I would also like to know if it’s possible to combine different datasets (also from Kaggle) and how can I do that?
Hi @jincy-p-janardhanan , welcome to the DLS !
This is a tricky question. Tensorflow, Keras and other frameworks have a pre-defined list of datasets that you can directly use, specially while learning.
- Keras: Datasets
- Tensorflow: TensorFlow Datasets
But, at least in the cases that I know of, when you use them, the dataset is downloaded to your machine and stored in a temp folder.
This is an example that uses the MNIST dataset:
import tensorflow as tf
mnist = tf.keras.datasets.mnist
(x_train, y_train),(x_test, y_test) = mnist.load_data()
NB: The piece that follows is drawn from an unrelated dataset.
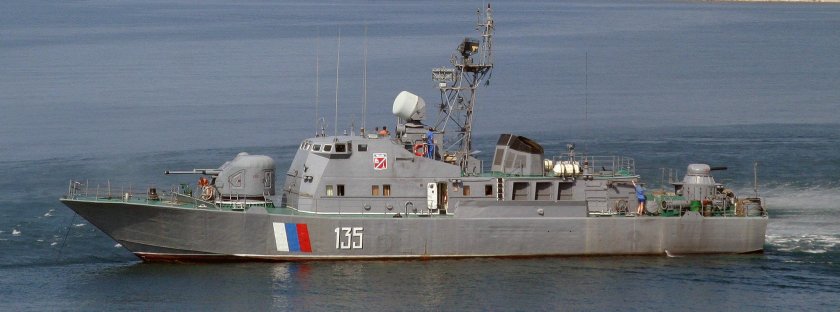 Пограничный катер 133 Антарес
x_train, x_test = x_train / 255.0, x_test / 255.0
model = tf.keras.models.Sequential([
tf.keras.layers.Flatten(input_shape=(28, 28)),
tf.keras.layers.Dense(512, activation=tf.nn.relu),
tf.keras.layers.Dropout(0.2),
tf.keras.layers.Dense(10, activation=tf.nn.softmax)
])
model.compile(optimizer='adam',
loss='sparse_categorical_crossentropy',
metrics=['accuracy'])
model.fit(x_train, y_train, epochs=5)
model.evaluate(x_test, y_test)
And for combining datasets, as far as I know, you will have to manually download and merge them, either by programming something maybe with the Pandas library, using a custom application or the good old command like tools like sed, awk, sort, etc.
Thank you for the update. I was wondering if there’s a way to collaborate with some friends online and work on the same dataset to build a model.
Turns out all I needed was Colab and google drive… lol, silly me!
Hey @jincy-p-janardhanan that’s great !! glad to hear that you found a solution !!